[snip] “Most of my Christian friends have no clue what goes on in faculty clubs,” writes William Stuntz, a Harvard law professor and evangelical Protestant, in a November 29 posting at Tech Central Station on the Web. “And my colleagues in faculty offices cannot imagine what happens in those evangelical churches on Sunday morning. In both cases, the truth is surprisingly attractive. And surprisingly similar: Churches and universities are the two twenty-first century American enterprises that care most about ideas, about language, and about understanding the world we live in.” He does allow that churches could be more open to argument, and that universities could use more humility.

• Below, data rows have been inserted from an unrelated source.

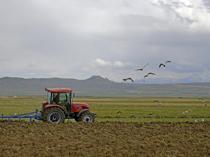 War puts Turkish farmers in a ‘low yield or high cost’ dilemma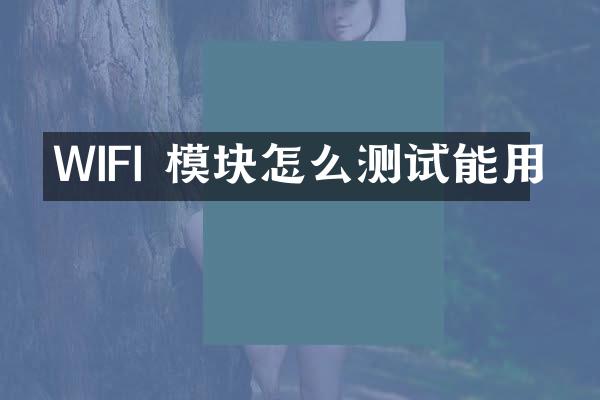 WIFI 模块怎么测试能用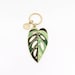 Monstera adansonii 'Archipelago' • Keychain 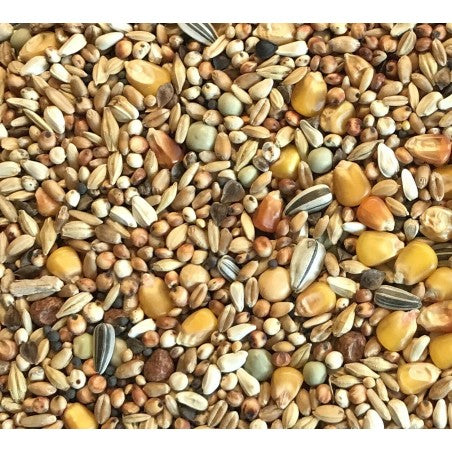 Originele Jonge Duiven 25kg - Beyers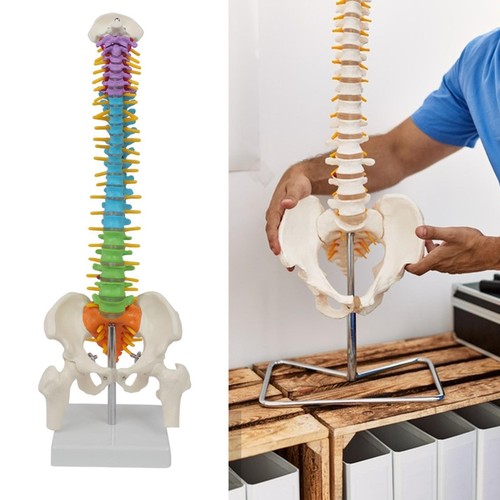 Human spine model flexible - human,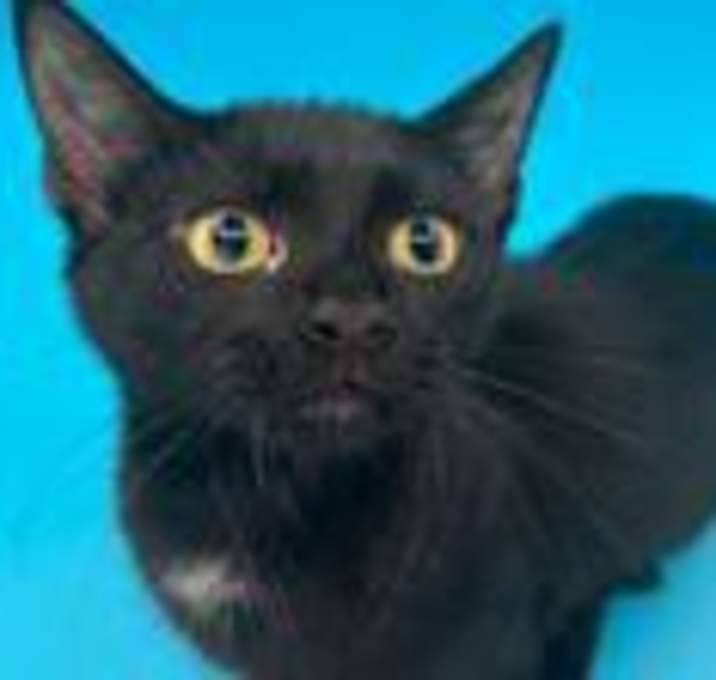 Photo of Meowly Cyrus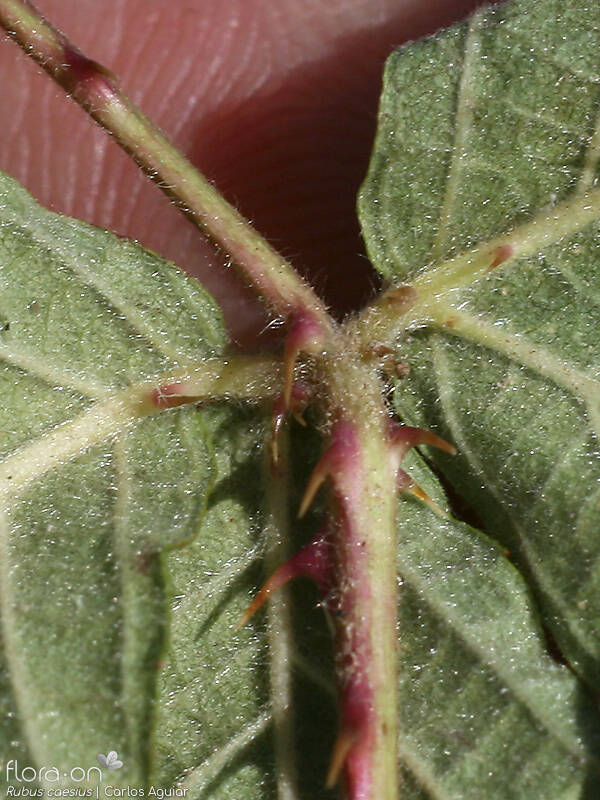 Rubus caesius - Folha | Carlos Aguiar; CC BY-NC 4.0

[snip] Facts I didn’t really want to know. A December 15 Tax Foundation study on lotteries and state fiscal policy notes, “The average American spent more on lotteries in 2002 than on reading materials or movies.”

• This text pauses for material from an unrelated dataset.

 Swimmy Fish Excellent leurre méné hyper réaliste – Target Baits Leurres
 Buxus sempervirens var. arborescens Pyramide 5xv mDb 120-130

[snip] What does the market say about market-based education? “Let’s look at actual evidence from the nation’s largest private school company, Edison Schools,” founded in 1992, writes Mary Solomon, retired professor at the University of Kentucky (educationnews.org). “After reaching a high of close to $40 per share in early 2001, Edison’s share value tumbled to a low of 14 cents. In November 2003, the company was taken private. Today, instead of the thousand schools it planned to open, Edison operates 157 district partnership and charter schools.”

[snip] Do the right thing, but don’t tell anyone. Nancy Behrendt, who works in human resources, tells Alden Loury of the Chicago Reporter that when she told colleagues at a conference that her Chicago-based, nationally known firm employs as many as 50 ex-offenders during busy seasons, “she heard a gasp . . . [and] some participants called her insane and warned her about liability issues.” She declined to give her company’s name for fear its customers might have the same response.

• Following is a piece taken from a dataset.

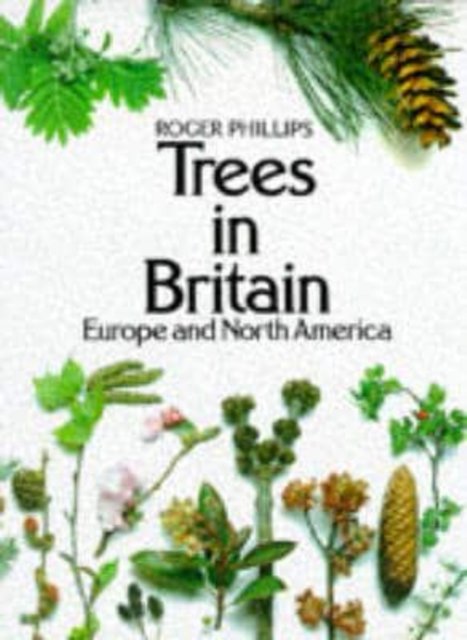 Cover for Roger Phillips · Trees in Britain, Europe and North America (Pocketbok) (1978)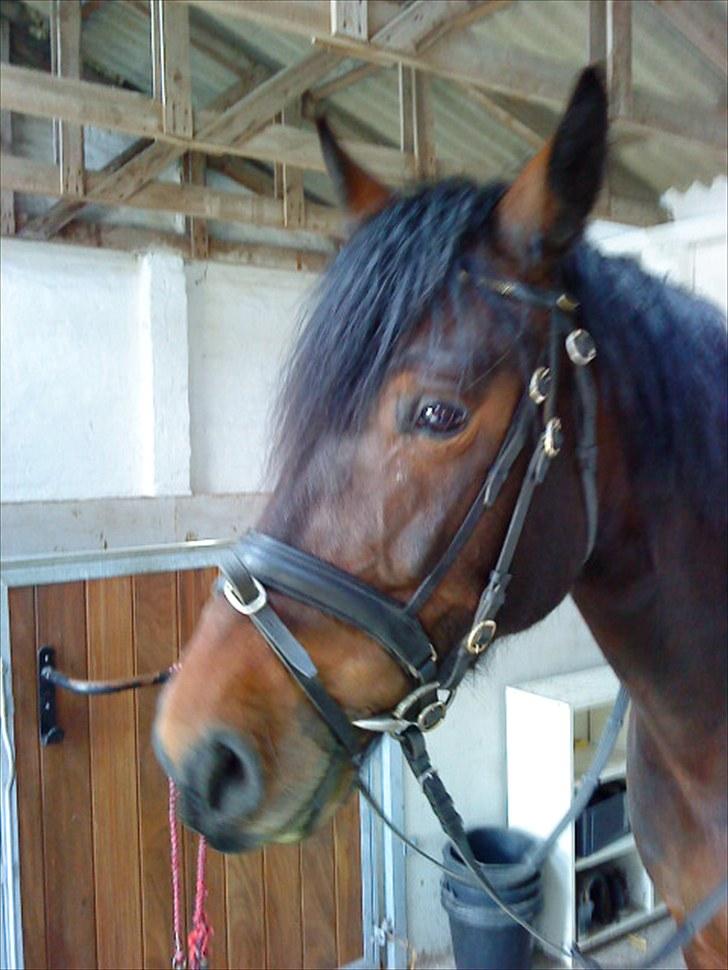 Dansk Varmblod l Sommerlund's Cindi <3 billede 3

[snip] “Public” highways. According to the fall newsletter of the Elmhurst-based Citizen Advocacy Center, the Illinois State Toll Highway Authority spent two years devising a ten-year, $5.3-billion capital budget plan, then “gave the public less than one month to comment. . . . Multiple hearings were on the same nights, making it impossible for a majority of the Board to attend, and some hearings were on religious holidays.” The agency didn’t even use its unique ability to give notice of the meetings–its tollbooths. “Cash payers had notice of the name of their toll collector, and when the next oasis was open for business, but not the date of the next public hearing.”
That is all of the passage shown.